If there was a single area within RM/ROSC proposals that captivated the field’s attention and often emerged as the most visible element of RM/ROSC transformation efforts, it was the reintegration of people in recovery into the addiction treatment arena in both volunteer and paid roles at all levels of the system. Such integration generated mountains of emails and calls about how to achieve such integration and the evidence-based approaches to such efforts. In response, the fifth monograph, Peer-based Addiction Recovery Support: History, Theory, Practice, and Scientific Evaluation, was published in 2009. This monograph achieved two goals. It addressed what was known at that time about peer-based recovery support services from the standpoint of history and science, and it described in considerable detail how peer-based recovery support services were being implemented within addiction treatment and recovery community organizations across the United States.
In 2010, a major question arose about the implications of RM/ROSC for medication-assisted treatment.
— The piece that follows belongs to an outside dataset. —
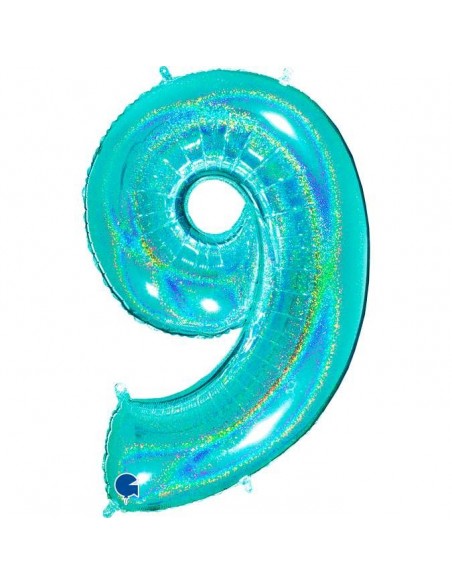 Globo 40" mylar N.9 Tiffany Glitter Holografico GRABO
This question prompted collaboration with Lisa Mojer-Torres (the “Rosa Parks of Medication-Assisted Treatment”) in co-authoring the sixth monograph, Recovery-oriented Methadone Maintenance (ROMM). The ROMM monograph was widely disseminated and led to numerous follow-up presentations and papers. Two other monographs and a book (Addiction Recovery Management coedited with Dr. John Kelly) followed this first series, but I will always think of these first six monographs as my foundational writings on RM/ROSC.
Monographs four through six can be ordered by clicking Recovery Monographs, Volume II.
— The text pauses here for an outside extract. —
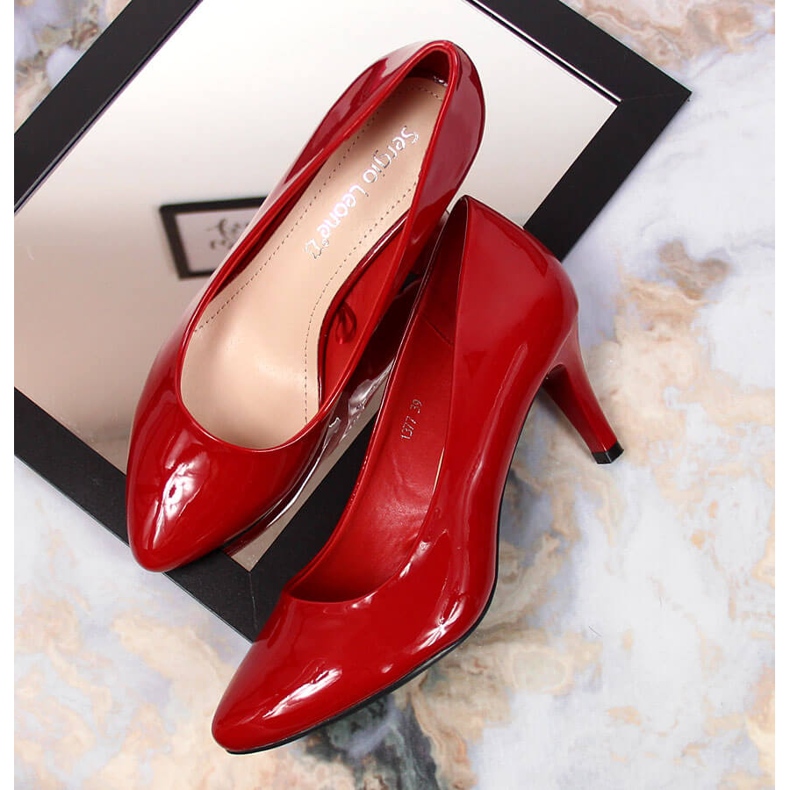 Pompe lacuite rosu Sergio Leone roșu 1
The RM/ROSC monograph series was done in tandem with numerous other efforts to enhance long-term recovery outcomes in the U.S. Of particular note is the now iconic paper on addiction as a chronic disorder led by Tom McLellan that was published in the Journal of the American Medical Association in 2000. There were also CSAT monographs and monographs from other ATTCs during these same years that played an important role in promoting RM/ROSC system transformation efforts And the increased focus on long-term recovery would not have been possible without the research studies of Michael Dennis, Mark Godley, Susan Godley, James McKay, Christy Scott, and others focused on extending the effects of addiction treatment through assertive approaches to post-treatment continuing care.
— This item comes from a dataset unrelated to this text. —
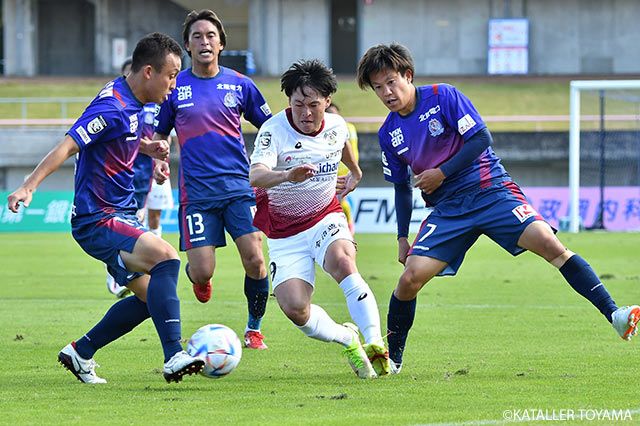 【明治安田Ｊ３ 第31節 富山vs今治】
There are many people to thank for their support of this monograph series, but none more important than Dr. Westley Clark, Lonnetta Albright, Dr. Michael Flaherty, and Dr. Arthur Evans, Jr. whose leadership and support were beyond what words can adequately express. RM/ROSC offered a new vision and new service technologies that promised to transform addiction treatment from an almost singular focus on recovery initiation to a system capable of supporting enhanced stability and quality of personal and family life in long-term addiction recovery. It will be up to future generations to judge how close we as a field came to fulfilling that vision.